No problem to have both earth and arrestors - Compared to an inverter, arrestors are cheap. Most good inverters have some form of arrestors on the input, but if these get taken out, the inverter will probably shutdown till you get the MOV's replaced. However, lightning is odd stuff and can sometimes defeat the internal protection offered by an MOV by jumping elsewhere.
Here in Orkney, Scotland, installations in schools require additional arrestors to be fitted where the turbine cable enters the school, so we fit them there.
Bear in mind that the arrestor also needs a good earth - It cannot sink a lightning impulse into fresh air! So it needs to have a good, low resistance connection to earth, otherwise it will be worthless.

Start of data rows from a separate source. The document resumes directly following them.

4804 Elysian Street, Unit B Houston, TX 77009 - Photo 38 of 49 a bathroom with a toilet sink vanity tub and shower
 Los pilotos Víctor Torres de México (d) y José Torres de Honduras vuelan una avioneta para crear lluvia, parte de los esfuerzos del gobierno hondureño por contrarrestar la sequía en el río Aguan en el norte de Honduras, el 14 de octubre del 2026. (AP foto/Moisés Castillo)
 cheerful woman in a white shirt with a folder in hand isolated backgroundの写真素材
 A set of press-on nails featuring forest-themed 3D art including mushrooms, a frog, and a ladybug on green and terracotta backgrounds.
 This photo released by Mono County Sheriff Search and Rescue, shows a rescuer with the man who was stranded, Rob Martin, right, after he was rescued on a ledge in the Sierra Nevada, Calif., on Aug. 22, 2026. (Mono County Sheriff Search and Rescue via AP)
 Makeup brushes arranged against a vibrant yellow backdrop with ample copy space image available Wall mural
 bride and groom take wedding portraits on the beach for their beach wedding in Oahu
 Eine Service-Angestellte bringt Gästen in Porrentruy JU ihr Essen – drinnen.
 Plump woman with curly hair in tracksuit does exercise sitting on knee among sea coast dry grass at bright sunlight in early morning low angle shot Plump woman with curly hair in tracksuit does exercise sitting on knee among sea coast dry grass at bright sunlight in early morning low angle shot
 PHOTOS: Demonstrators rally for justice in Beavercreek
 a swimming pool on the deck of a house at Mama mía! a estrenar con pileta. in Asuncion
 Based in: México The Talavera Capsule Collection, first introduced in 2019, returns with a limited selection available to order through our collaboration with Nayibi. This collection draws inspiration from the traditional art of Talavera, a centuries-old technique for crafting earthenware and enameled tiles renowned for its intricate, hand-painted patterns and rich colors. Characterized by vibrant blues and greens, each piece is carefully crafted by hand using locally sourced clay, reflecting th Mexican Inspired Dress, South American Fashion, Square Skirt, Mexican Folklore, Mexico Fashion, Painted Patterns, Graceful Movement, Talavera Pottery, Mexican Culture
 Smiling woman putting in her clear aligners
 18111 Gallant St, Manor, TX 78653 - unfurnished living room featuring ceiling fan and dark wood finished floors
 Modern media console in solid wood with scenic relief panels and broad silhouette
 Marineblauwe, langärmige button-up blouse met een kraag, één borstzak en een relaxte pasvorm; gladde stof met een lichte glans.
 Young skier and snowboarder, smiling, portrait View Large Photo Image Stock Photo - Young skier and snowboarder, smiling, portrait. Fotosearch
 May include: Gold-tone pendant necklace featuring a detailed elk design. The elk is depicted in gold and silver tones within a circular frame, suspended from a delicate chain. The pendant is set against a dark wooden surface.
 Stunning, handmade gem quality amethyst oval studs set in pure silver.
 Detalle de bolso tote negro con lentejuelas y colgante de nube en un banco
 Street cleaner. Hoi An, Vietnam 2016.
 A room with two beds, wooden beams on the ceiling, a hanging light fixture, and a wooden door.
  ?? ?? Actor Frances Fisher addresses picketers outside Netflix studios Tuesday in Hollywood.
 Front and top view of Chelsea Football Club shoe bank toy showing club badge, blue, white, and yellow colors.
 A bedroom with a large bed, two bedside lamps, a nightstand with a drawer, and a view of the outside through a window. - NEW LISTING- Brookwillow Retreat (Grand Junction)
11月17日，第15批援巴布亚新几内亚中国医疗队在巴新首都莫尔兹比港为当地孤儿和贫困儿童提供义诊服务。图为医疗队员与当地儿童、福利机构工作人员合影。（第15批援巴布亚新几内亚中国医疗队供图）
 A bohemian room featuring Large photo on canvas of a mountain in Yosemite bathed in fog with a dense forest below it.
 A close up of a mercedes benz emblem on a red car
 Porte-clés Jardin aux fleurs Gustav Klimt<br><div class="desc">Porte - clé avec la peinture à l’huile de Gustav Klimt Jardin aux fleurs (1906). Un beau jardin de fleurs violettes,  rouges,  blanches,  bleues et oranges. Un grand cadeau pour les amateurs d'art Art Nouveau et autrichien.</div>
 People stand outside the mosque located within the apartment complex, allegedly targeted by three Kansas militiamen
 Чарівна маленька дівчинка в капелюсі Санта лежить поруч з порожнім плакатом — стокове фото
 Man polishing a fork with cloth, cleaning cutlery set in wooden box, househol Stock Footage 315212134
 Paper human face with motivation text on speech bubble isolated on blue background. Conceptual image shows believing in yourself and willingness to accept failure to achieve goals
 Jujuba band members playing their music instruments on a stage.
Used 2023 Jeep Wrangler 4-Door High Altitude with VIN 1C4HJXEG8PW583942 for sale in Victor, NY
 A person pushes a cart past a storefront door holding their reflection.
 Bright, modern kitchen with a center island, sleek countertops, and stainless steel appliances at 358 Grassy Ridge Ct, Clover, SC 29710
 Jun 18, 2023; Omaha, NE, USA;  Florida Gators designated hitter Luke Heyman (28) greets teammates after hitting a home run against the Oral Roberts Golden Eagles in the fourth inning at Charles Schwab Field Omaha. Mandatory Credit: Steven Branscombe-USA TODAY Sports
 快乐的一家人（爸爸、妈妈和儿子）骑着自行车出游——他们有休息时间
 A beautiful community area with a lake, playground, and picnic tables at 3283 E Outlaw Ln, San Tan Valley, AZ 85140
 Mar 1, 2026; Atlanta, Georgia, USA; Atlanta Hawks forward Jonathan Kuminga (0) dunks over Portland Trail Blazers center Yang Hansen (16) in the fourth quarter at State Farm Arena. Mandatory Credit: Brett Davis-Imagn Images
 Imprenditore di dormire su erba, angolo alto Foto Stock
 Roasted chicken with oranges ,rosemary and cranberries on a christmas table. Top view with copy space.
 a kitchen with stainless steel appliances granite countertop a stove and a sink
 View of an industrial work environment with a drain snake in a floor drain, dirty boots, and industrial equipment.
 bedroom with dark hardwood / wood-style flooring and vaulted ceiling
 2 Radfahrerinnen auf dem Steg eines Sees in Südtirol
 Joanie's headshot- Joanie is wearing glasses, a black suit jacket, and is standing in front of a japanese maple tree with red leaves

12mm rod is fairly typical (5/8" is common in UK) so you cannot predict the final resistance from earth rod diameter alone. The soil resistivity on its own has a much greater effect! I remember about 10 years ago, trying to get a good earth for a 1.3 MW turbine up here in Orkney on the infamous Burgar Hill. We drove down 5/8" rods coupled together to a depth of 9 or 10 feet below the bottom of the foundation using a power driver (the rock was too hard for hand driving!), which, by the time the foundation was backfilled, would have put the bottom of the rods about 17 feet down. We managed to get 3 sets of rods down between cracks in the rock, hoping that they would find something moist down there. When we coupled the 3 sets together and tested the resulting resiatance we had over 150 ohms! Hopeless, when our target was under 10 ohms!
So we abandoned those and installed what are now more conventional horizontal electrodes, and I don't think we have driven an earth rod since! Everything we do now, whether individual small 6 kW turbines, or windfarms, uses horizontal electrodes. Takes a lot more copper, but gives more predictable results.
Good luck with the "drive and test" method! If you have access to an earth tester, and it is capable of testing soil resistivity (4 terminal), you may want to try that first to see if 1 are 2 rods are going to give anything like the target you are looking for. If not, then bashing copper into the ground is a bit of a waste of time (and copper!)